## PROMPT
Quote the listing in full, exactly as given, minus any pictures.

## DATA EXCERPT
^^^^

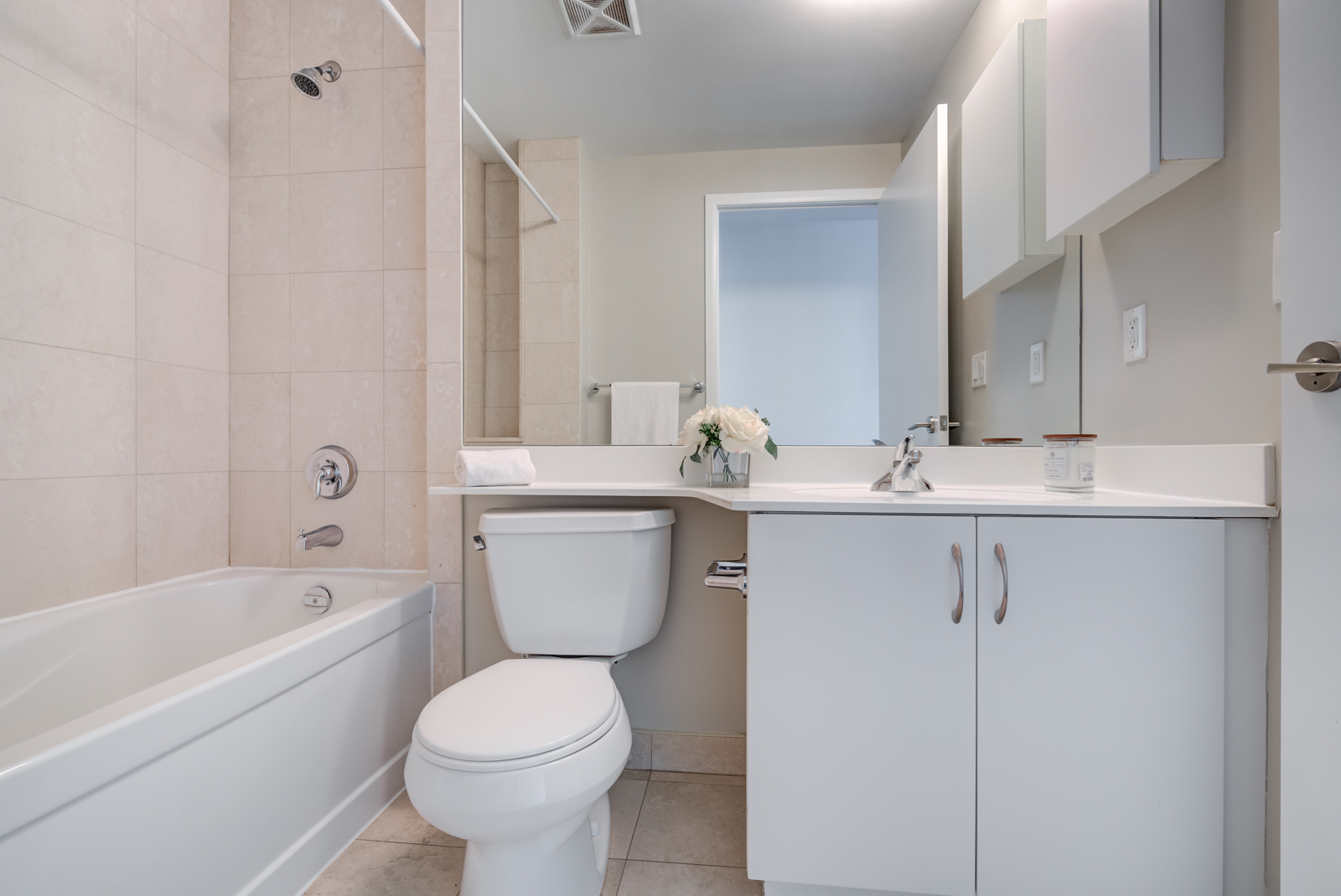 215 Fort York Blvd ensuite bath with white toilet, tub, sink, cabinets and huge mirror.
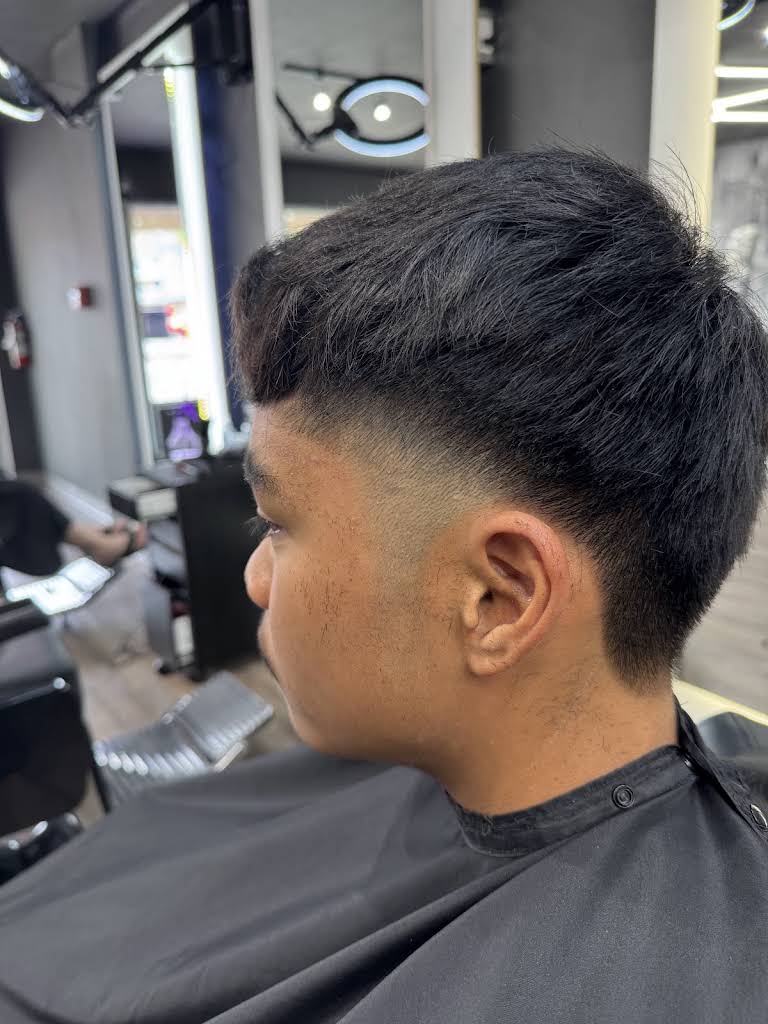 A clean fade photographed at Canvas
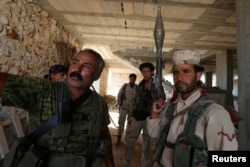 Ảnh tư liệu - Các chiến binh Lực lượng Dân chủ Syria (SDF) đứng bên trong một tòa nhà gần Manbij, ngày 17 tháng 6 năm 2016.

^^^^

## ANSWER TO THIS EXERCISE
 215 Fort York Blvd ensuite bath with white toilet, tub, sink, cabinets and huge mirror.
 A clean fade photographed at Canvas
 Ảnh tư liệu - Các chiến binh Lực lượng Dân chủ Syria (SDF) đứng bên trong một tòa nhà gần Manbij, ngày 17 tháng 6 năm 2016.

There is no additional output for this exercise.